Mit der Berufung können Urteile des Strafgerichts und des Jugendgerichts angefochten werden, mit denen das erstinstanzliche Verfahren durch eine Verurteilung der angeklagten Person oder durch einen Freispruch abgeschlossen worden ist. Die Voraussetzungen dieses Rechtsmittels sind in der Schweizerischen Strafprozessordnung geregelt.

Die Berufung ist dem erstinstanzlichen Gericht innert 10 Tagen seit Eröffnung des Urteils schriftlich oder mündlich zu Protokoll anzumelden. Das Strafgericht übermittelt die Berufungsanmeldung nach Ausfertigung des begründeten Urteils zusammen mit den Akten dem Appellationsgericht. Anschliessend hat jene Person, die Berufung angemeldet hat, eine schriftliche Berufungserklärung einzureichen. Darin ist anzugeben, ob das Urteil vollumfänglich oder nur in Teilen angefochten wird, welche Abänderungen des Urteils verlangt werden und allenfalls welche Beweisanträge gestellt werden. Diese Berufungserklärung ist in jedem Fall erforderlich, ansonsten das Rechtsmittel nicht gültig ist. Auch ist deren Inhalt verbindlich. Wer also zunächst nur Teile eines Urteils angefochten hat, kann später seine Berufungsanträge nicht auf weitere Punkte ausdehnen.

Die Berufungserklärung wird anschliessend den andern Prozessparteien, d.h. bei einer Berufung durch die beschuldigte Person der Staatsanwaltschaft und allfälligen Privatklägern, insbesondere Geschädigten oder Opfern, zugestellt. Darauf können diese innert 20 Tagen Anschlussberufung erklären. Die Anforderungen an diese Erklärung sind dieselben wie an die Berufungserklärung. Wird auf die Berufung der beschuldigten Person Anschlussberufung erhoben, so kann das angefochtene Urteil im Berufungsverfahren nicht nur zu deren Gunsten, sondern auch zu deren Ungunsten abgeändert werden.

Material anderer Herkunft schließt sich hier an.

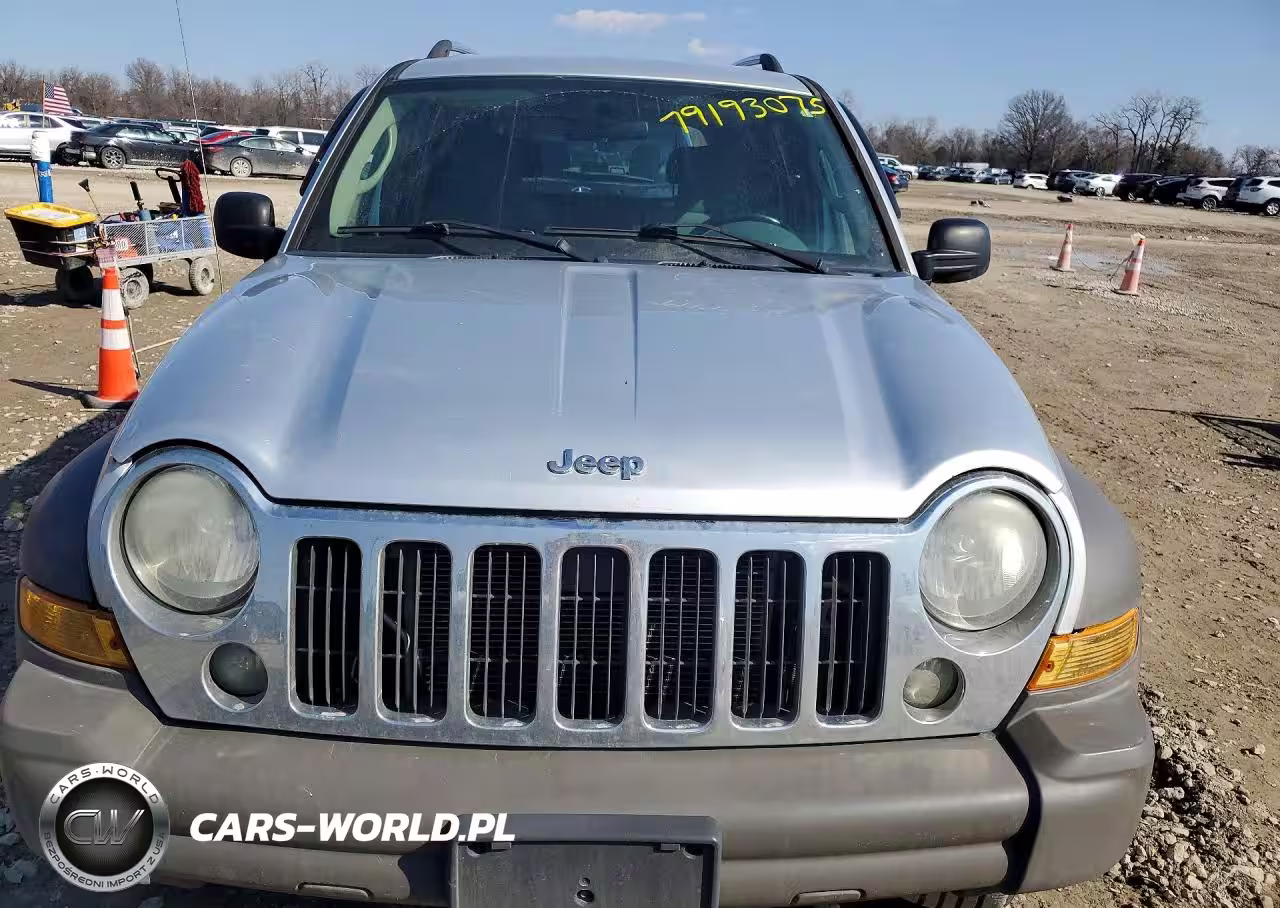 2007 Jeep Liberty Sport VIN:1J4GL48K87W515137 - 5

Die Überprüfung durch das Appellationsgericht richtet sich nach den Anträgen der Berufung und einer allfälligen Anschlussberufung. In Bezug auf die angefochtenen Punkte kann es das Urteil in der Regel umfassend überprüfen, also sowohl in Bezug auf die Feststellung des zur Anklage gelangten Sachverhalts, also auch die Rechtsanwendung und Angemessenheit. Einschränkungen gibt es jedoch, wenn nur Übertretungen Gegenstand des erstinstanzlichen Verfahrens gewesen sind oder wenn sich die Berufung auf den Zivilpunkt, also z.B. auf die von der geschädigten Person oder dem Opfer geltend gemachten Schadenersatz- und/oder Genugtuungsforderungen beschränkt.

Im Berufungsverfahren findet in der Regel eine mündliche Verhandlung vor dem Appellationsgericht statt. Unter bestimmten im Gesetz festgelegten Voraussetzungen kann das Gericht jedoch auf die Durchführung einer Verhandlung verzichten und im schriftlichen Verfahren entscheiden. Hierzu wird der Partei, welche Berufung erhoben hat, Frist zur Einreichung einer Berufungsbegründung gesetzt, wozu sich die weiteren Beteiligten dann schriftlich äussern können.

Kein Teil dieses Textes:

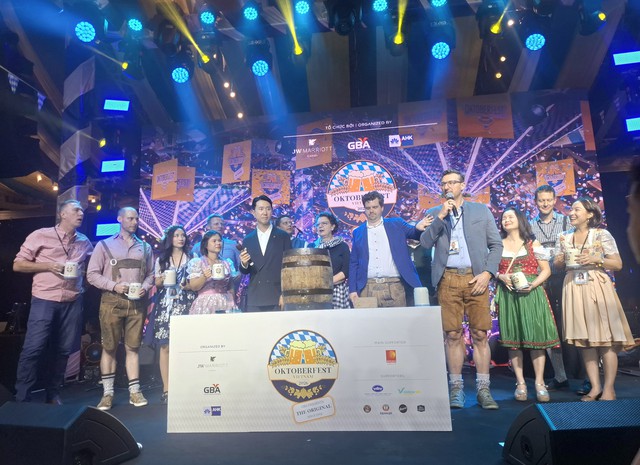 Tưng bừng lễ hội Oktoberfest tại Hà Nội- Ảnh 1.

Erachtet das Berufungsgericht die Berufung oder Anschlussberufung ganz oder teilweise als begründet, so fällt es in der Regel einen eigenen Entscheid über die Anklage und die geltend gemachten Zivilforderungen. In Ausnahmefällen kann die Sache aber auch an das erstinstanzliche Gericht zur Neubeurteilung zurückgewiesen werden.

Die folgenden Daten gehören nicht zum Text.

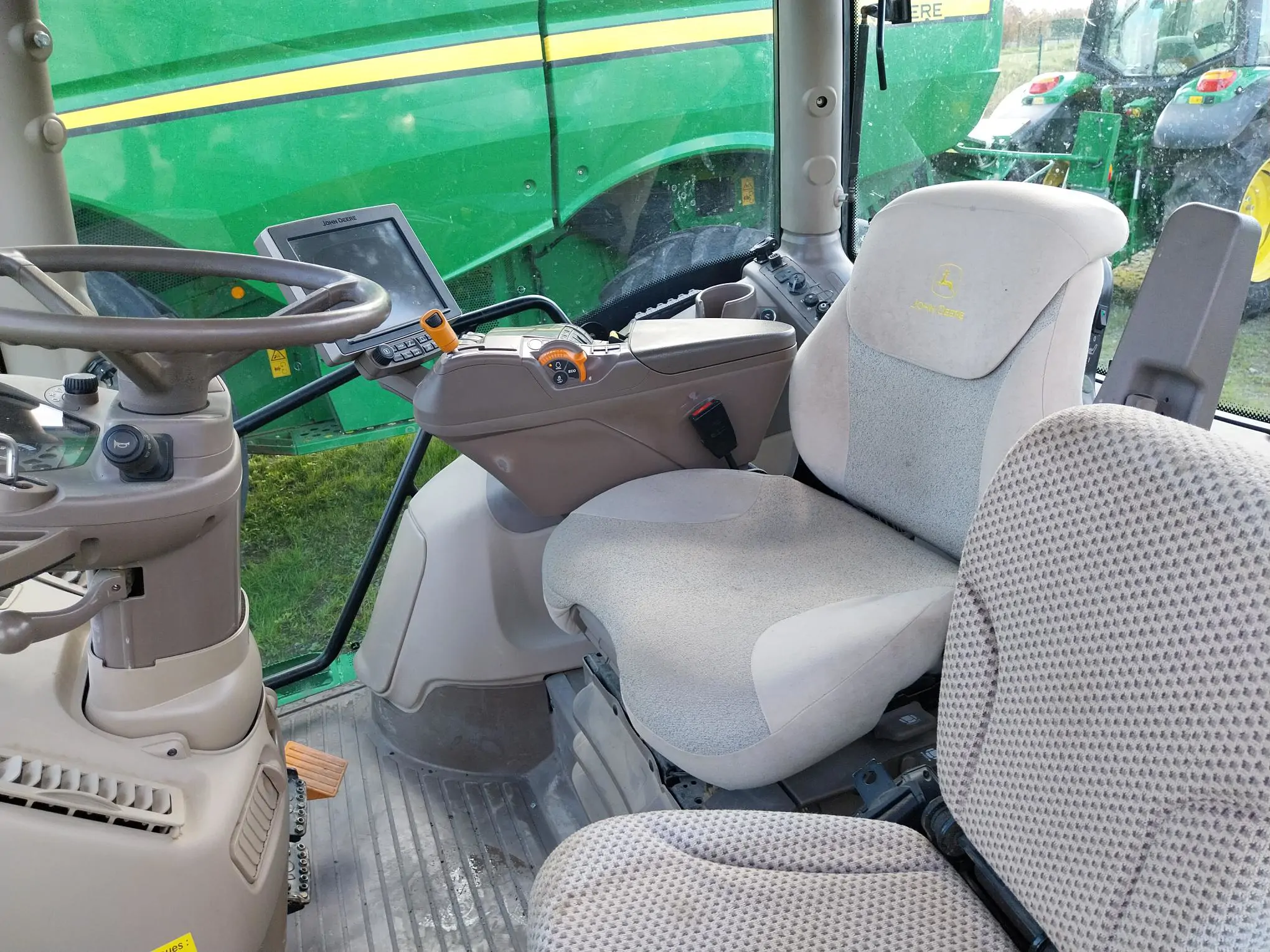 Image JOHN DEERE 6120R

Die beschuldigte Person hat für ihre Berufung keinen Kostenvorschuss zu leisten, während für die Berufung einer Privatklägerin bzw. eines Privatklägers ein solcher verlangt werden kann. Die definitive Kostentragung richtet sich nach dem Ausgang des Verfahrens. Wird einer Privatklägerschaft eine unentgeltliche anwaltliche Vertretung bewilligt, was unter bestimmten gesetzlichen Voraussetzungen möglich ist, wird sie auch im Falle ihres Unterliegens von der Bezahlung von Prozesskosten befreit. Die beschuldigte Person hat hingegen bei Abweisung ihrer Anträge im Berufungsverfahren in jedem Fall die Gerichtskosten zu tragen. Dies gilt auch dann, wenn ihr die amtliche Verteidigung bewilligt worden ist, d.h. wenn die von der anwaltlichen Verteidigung geleisteten Bemühungen vom Staat bezahlt werden. Für solche Fälle gilt, dass die verurteilte Person noch während 10 Jahren seit Rechtskraft des Entscheids dem Staat die für sie aufgewendeten Verteidigungskosten zurückzuzahlen und der Verteidigung die Differenz zwischen der amtlichen Entschädigung und dem vollen Honorar zu erstatten hat, wenn sich ihre finanziellen Verhältnisse ändern, d.h. verbessern.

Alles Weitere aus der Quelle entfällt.